So Book Week Scotland is over for another year, and it’s been a crazy, inspiring, wonderful time. I think the decision to move back to Edinburgh was the best I’ve ever made. So on that thought, and inspired by famous authors writing their love letters to libraries, I’ve dashed off this letter.
I don’t know, I turn my back for one minute and you become the first UNESCO City of Literature. That’s pretty damn good going. I remember when my literary temple was Kirkliston Library, one of those concrete 60s horrors. It didn’t matter what it looked like- it was stuffed to the gills with fantasy books. Terry Pratchett and Tamora Pierce were duly devoured. That was when this whole damn thing started.

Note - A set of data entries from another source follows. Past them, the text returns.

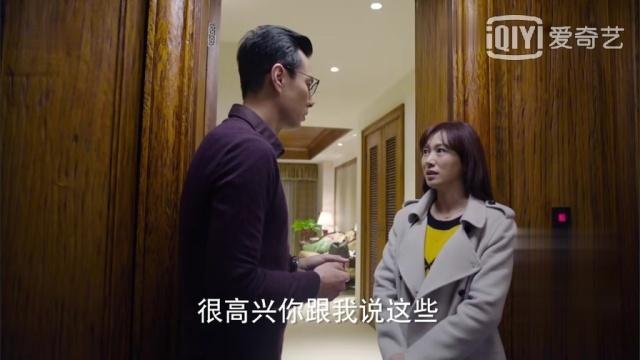 保剑锋主演的《如果可以这样爱你》，原著对比电视剧多了哪些超恶心的内容？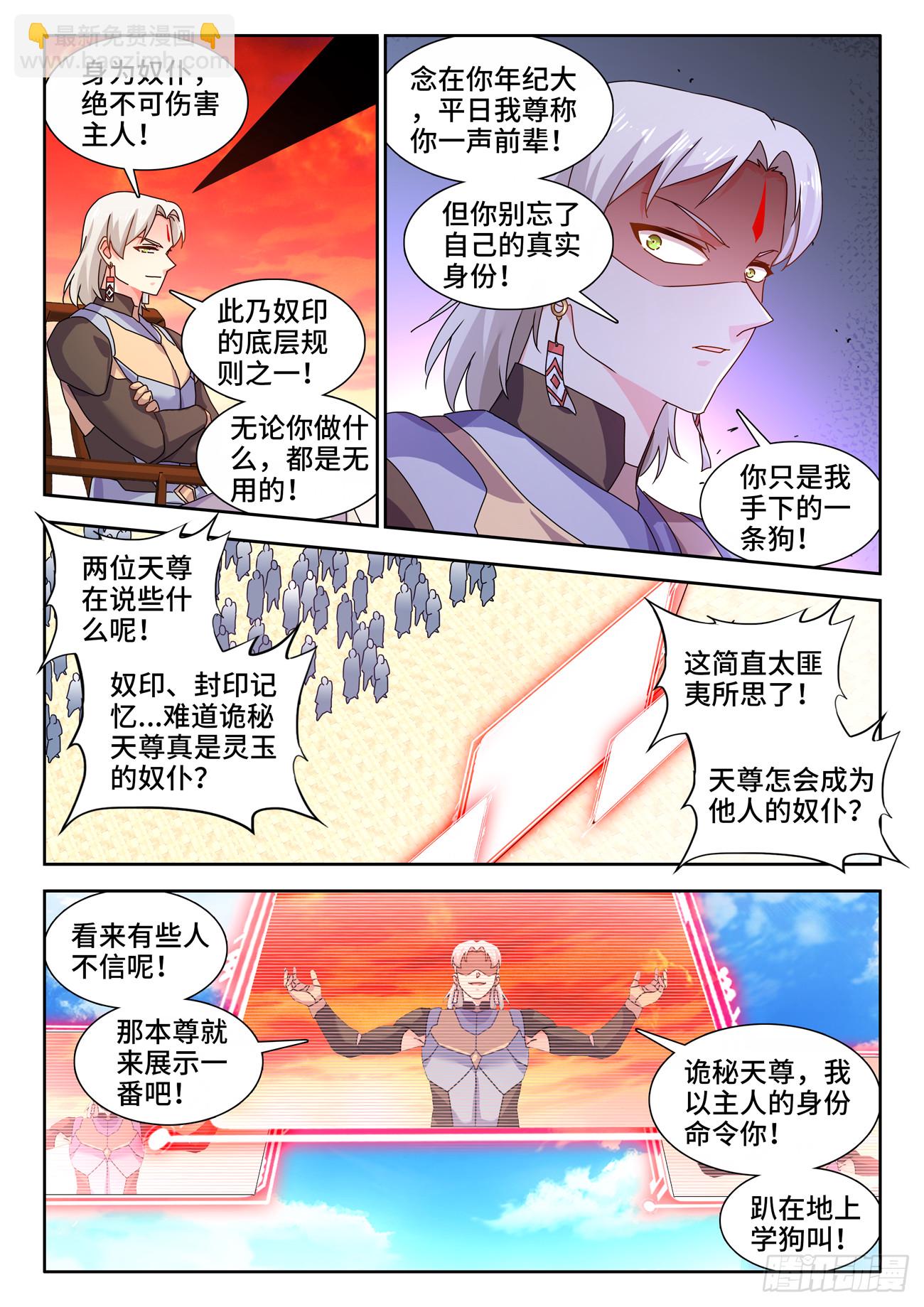767、影之集合体-第771话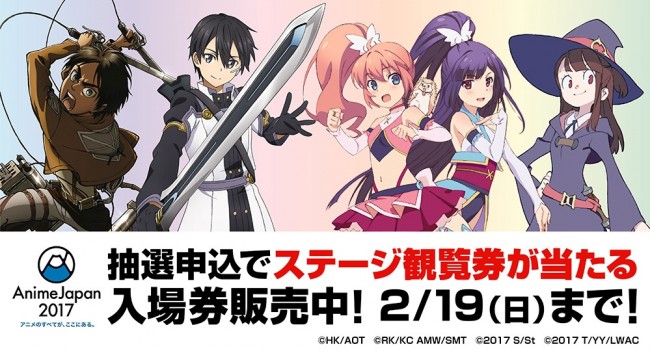 『AnimeJapan 2017』〜抽選申込で“ステージ観覧券が当たる”前売り⼊場券は2 ⽉19 ⽇(⽇)まで～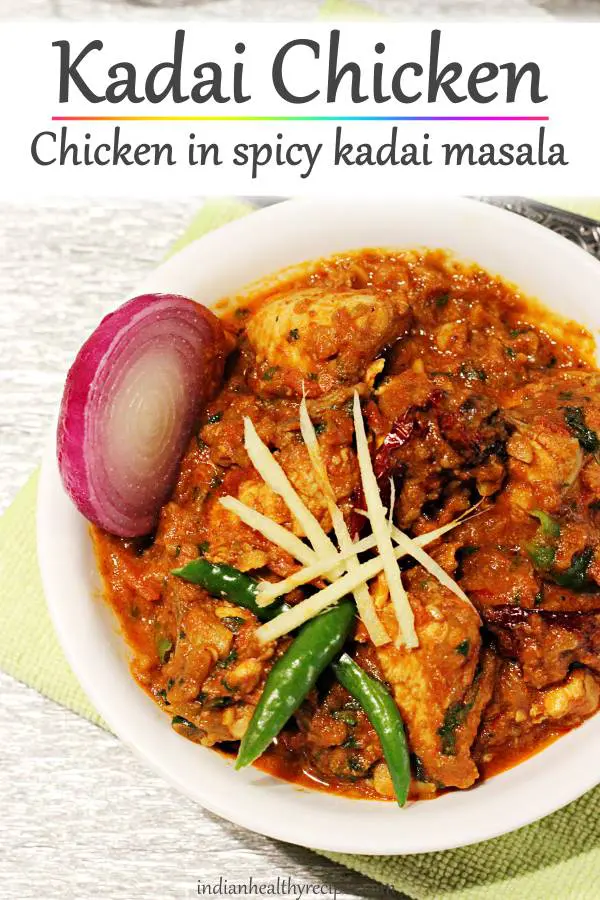 Kadai Chicken Recipe | Chicken Karahi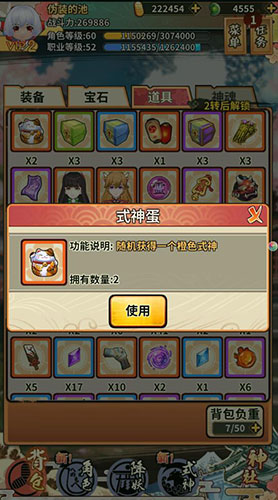 战力不足?《恶灵退散》转生帮你忙 强度 离线 咕噜 休闲 开局 战力 人物 金币 恶灵 转生 新闻资讯  第3张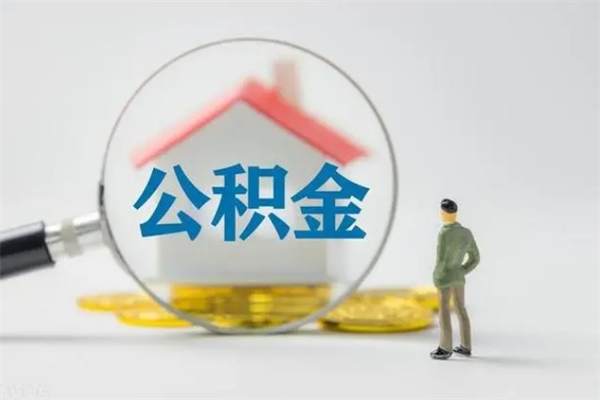 宁德公积金离职多久可以取出（公积金离职多久可以全部提取）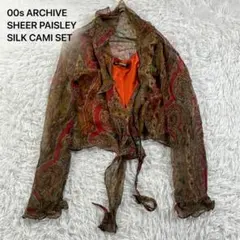 00s Archive Sheer Paisley Cami Set Silkのサムネイル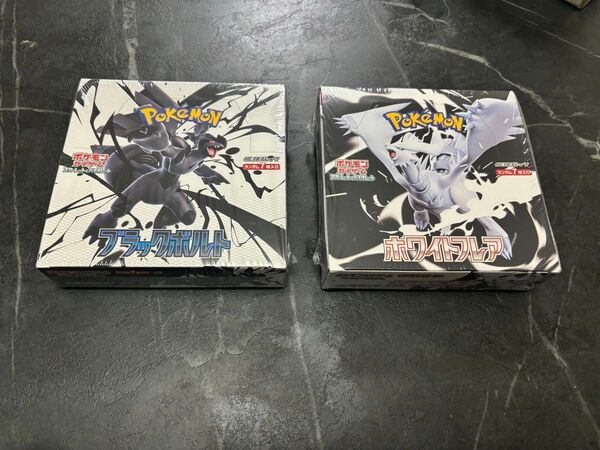 ポケモンカードゲーム 各1BOX ブラックボルト ホワイトフレア シュリンク付き未開封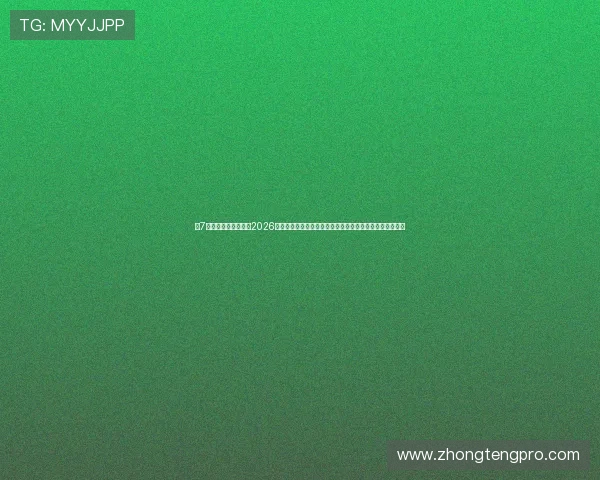 七7星娱乐手机官网聚焦2026年世界杯热门话题与球迷互动，带你第一时间掌握赛事动态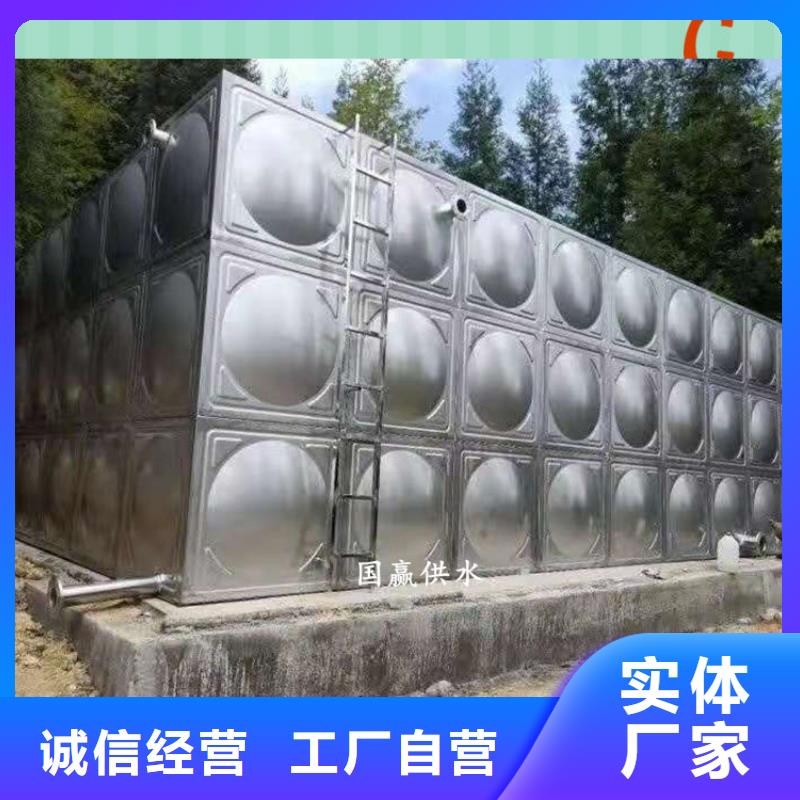 不锈钢水箱可放心采购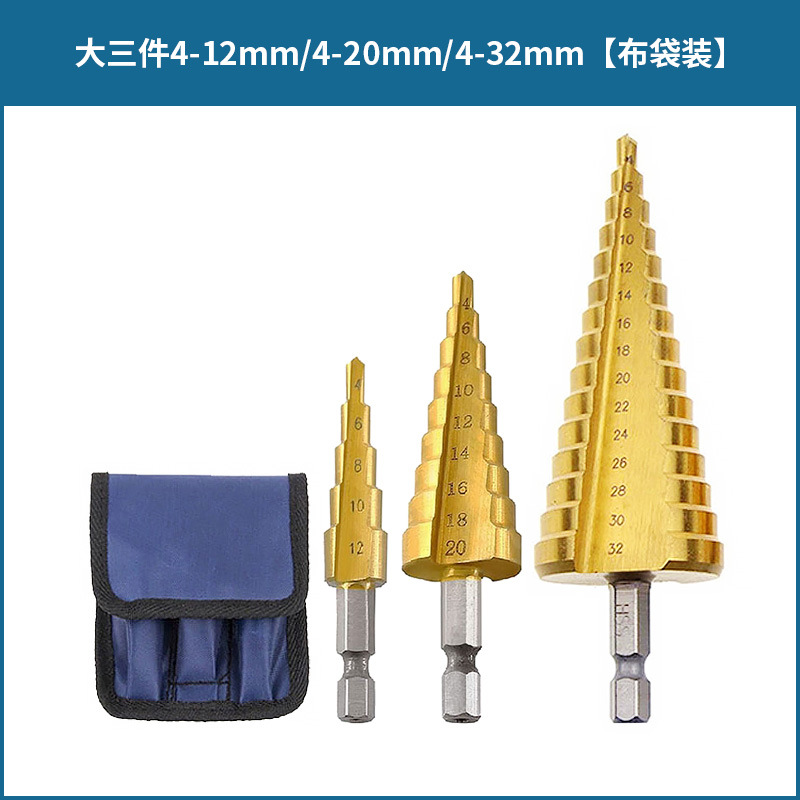 Métrica pequeña 3PC pagoda broca 3-12/4-12/4-20 bolsa hexagonal mango recto ranura paso taladro traje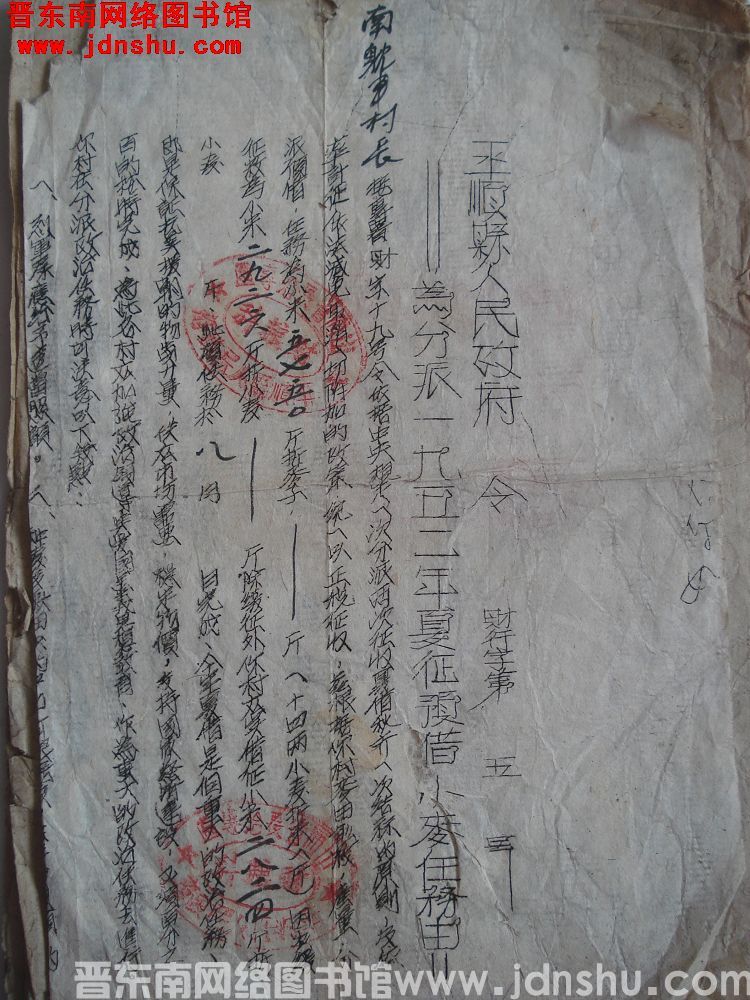 平顺县人民政府令（19520724）财行字第5号：为分派一九五二年夏征预借小麦任务由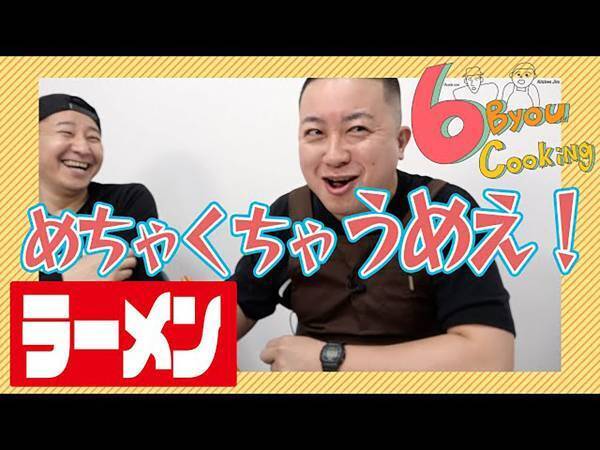 みんな大好きなラーメン！ チョコプラ長田が挑む６秒クッキング！ 松尾の判定は？
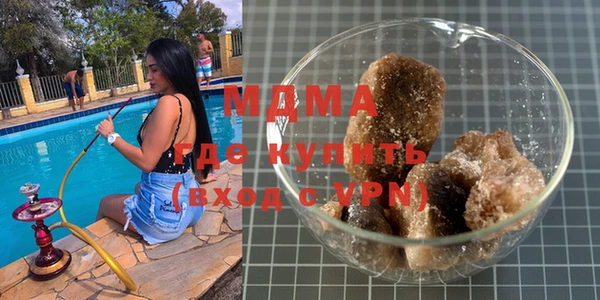 MDMA Premium VHQ Бугульма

When I moved back to you, the first thing I did was register for a new library card, because reading books is more fun than council tax. Craigmillar Library is now my local haunt, half an hour’s walk through a park with a clear view of Arthur’s Seat. What a shiny, colourful place. It’s a chaotic, noisy jumble. The kids run up and down, enthusing about the latest YA novels, and complain that I shouldn’t be hovering around their books because I’m blatantly old enough to be their mother. The Full Stop cafe is always busy, and the librarians the right side of sarcastic. How my tiny heart swelled the first day I took armfuls of YA books to the counter and watched a proud mum signing her son up for his first card. And you have the third ever statue of a woman to be unveiled in Edinburgh: Helen Crummy, founder of the Craigmillar Festival Society, author and all round inspiring lady.
And what about the Central Library? I frequently got lost in the art books as a teenager and trundled around admiring the ornate ceiling. The music library was brilliant too, and I must confess to borrowing 80s CDs and taping them on my old Woolworths ghettoblaster. And, er, excessive photocopying of Tears for Fears sheet music. Sorry about that.
I’ve even got a card for the National Library of Scotland now. Such an austere building from the outside, but if you step inside there’s tons of exhibitions, a lovely cafe and, recently, the book sculptures left behind by an intrepid artist a few Book Weeks ago. (Sorry about the damage in the Rare Books room, by the way. My characters were in a bit of a sticky situation. I’m sure they’ll pay for the windows and bookshelves to be fixed.)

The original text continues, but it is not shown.